Activity. Up to and including the line that contains "HSK63A-CTZ25SA-135H日", return every line from the start of the data, unchanged.

Dataset excerpts.
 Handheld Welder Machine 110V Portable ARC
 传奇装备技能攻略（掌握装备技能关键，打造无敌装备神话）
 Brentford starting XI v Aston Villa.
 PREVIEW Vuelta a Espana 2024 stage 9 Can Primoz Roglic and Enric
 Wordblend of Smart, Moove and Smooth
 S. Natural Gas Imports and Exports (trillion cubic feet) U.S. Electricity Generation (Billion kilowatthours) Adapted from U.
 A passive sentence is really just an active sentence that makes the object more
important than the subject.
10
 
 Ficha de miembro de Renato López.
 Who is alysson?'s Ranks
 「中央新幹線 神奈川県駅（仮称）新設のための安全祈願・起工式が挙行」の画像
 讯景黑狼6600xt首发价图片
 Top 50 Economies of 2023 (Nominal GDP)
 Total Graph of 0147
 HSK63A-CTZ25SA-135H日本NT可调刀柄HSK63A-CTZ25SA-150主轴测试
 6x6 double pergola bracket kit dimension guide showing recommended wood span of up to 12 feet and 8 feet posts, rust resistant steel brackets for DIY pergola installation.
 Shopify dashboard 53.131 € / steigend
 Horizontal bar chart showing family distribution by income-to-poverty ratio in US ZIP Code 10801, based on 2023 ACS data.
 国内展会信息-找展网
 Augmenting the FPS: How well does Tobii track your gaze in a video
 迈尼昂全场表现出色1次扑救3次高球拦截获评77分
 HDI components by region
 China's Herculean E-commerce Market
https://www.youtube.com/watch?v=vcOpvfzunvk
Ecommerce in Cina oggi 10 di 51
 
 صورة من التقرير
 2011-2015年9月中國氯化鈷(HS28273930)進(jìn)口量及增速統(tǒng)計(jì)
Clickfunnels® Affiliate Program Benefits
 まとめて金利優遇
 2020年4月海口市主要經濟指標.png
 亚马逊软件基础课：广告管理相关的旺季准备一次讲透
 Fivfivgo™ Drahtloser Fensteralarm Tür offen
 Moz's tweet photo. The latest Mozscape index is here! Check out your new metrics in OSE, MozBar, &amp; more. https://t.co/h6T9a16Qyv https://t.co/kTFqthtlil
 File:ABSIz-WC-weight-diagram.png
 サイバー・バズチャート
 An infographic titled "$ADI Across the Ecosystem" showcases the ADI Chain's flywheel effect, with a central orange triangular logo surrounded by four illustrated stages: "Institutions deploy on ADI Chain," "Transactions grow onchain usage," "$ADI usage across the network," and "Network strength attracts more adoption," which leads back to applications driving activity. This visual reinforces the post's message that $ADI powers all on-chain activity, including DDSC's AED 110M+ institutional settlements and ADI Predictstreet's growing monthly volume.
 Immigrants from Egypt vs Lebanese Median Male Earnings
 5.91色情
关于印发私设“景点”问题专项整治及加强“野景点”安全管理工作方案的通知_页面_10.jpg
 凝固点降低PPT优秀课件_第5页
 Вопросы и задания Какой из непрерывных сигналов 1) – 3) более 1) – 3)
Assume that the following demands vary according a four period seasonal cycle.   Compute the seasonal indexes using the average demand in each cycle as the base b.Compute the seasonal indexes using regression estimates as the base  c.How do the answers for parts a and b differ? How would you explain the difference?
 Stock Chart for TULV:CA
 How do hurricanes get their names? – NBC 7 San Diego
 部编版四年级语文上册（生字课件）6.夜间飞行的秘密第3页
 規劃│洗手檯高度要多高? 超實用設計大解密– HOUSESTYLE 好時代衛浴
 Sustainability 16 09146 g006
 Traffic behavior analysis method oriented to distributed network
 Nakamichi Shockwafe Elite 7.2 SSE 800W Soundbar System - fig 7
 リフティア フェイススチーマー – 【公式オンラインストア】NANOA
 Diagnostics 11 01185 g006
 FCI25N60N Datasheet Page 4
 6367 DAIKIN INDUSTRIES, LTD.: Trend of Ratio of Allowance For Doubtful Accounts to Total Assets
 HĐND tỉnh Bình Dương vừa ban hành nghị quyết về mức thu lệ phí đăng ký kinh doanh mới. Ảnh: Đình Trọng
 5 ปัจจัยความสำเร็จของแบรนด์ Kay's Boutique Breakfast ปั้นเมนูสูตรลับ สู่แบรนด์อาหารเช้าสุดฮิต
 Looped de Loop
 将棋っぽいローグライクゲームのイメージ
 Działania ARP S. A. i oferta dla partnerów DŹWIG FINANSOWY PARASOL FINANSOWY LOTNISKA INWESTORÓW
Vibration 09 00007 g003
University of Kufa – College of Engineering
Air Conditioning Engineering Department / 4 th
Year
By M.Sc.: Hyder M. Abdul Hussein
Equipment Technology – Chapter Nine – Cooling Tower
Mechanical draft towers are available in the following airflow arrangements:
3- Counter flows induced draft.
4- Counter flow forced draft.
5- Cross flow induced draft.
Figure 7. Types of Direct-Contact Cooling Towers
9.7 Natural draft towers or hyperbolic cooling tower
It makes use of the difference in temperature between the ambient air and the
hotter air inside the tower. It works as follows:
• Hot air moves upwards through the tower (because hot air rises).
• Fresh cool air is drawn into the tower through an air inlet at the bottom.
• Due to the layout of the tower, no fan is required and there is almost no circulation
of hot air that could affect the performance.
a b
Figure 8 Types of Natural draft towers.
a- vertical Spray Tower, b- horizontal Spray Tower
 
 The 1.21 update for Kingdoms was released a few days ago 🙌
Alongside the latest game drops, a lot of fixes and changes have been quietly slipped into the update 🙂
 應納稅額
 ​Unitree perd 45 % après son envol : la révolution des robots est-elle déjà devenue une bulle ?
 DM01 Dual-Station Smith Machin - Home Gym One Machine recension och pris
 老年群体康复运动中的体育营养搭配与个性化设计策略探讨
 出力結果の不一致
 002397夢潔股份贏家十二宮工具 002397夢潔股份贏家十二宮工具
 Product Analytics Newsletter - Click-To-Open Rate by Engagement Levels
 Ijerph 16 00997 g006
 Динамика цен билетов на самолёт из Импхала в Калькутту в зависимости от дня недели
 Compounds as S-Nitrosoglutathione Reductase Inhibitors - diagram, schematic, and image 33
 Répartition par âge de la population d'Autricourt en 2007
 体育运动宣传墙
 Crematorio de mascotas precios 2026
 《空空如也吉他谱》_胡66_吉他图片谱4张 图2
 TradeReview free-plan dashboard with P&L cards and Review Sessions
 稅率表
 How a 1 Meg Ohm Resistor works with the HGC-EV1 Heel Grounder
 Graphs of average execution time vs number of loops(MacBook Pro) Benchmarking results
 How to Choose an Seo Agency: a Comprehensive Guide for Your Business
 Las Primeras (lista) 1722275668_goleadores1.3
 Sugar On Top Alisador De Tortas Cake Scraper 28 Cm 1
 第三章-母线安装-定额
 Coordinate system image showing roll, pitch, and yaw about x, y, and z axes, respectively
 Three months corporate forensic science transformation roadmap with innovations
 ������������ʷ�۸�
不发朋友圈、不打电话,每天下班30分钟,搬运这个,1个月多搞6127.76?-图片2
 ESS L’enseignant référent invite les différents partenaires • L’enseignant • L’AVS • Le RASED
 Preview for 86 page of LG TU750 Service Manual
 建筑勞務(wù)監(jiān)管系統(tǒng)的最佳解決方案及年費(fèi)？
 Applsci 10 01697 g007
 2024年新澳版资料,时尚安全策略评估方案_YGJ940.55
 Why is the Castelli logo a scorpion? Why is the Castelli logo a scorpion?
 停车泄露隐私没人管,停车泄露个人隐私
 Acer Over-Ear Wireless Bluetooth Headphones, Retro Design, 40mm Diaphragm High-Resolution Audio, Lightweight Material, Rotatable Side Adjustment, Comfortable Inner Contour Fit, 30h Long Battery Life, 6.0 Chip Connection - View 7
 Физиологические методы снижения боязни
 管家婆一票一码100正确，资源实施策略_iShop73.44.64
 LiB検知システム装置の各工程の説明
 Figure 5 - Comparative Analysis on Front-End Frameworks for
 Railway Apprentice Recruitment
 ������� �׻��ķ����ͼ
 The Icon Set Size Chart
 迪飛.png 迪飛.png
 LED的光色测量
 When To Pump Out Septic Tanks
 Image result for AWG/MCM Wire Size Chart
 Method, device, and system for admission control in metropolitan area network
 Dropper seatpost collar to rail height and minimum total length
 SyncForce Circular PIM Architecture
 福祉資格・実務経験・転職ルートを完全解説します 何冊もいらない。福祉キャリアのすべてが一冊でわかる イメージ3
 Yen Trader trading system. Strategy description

Task output.
 Handheld Welder Machine 110V Portable ARC
 传奇装备技能攻略（掌握装备技能关键，打造无敌装备神话）
 Brentford starting XI v Aston Villa.
 PREVIEW Vuelta a Espana 2024 stage 9 Can Primoz Roglic and Enric
 Wordblend of Smart, Moove and Smooth
 S. Natural Gas Imports and Exports (trillion cubic feet) U.S. Electricity Generation (Billion kilowatthours) Adapted from U.
 A passive sentence is really just an active sentence that makes the object more
important than the subject.
10
 
 Ficha de miembro de Renato López.
 Who is alysson?'s Ranks
 「中央新幹線 神奈川県駅（仮称）新設のための安全祈願・起工式が挙行」の画像
 讯景黑狼6600xt首发价图片
 Top 50 Economies of 2023 (Nominal GDP)
 Total Graph of 0147
 HSK63A-CTZ25SA-135H日本NT可调刀柄HSK63A-CTZ25SA-150主轴测试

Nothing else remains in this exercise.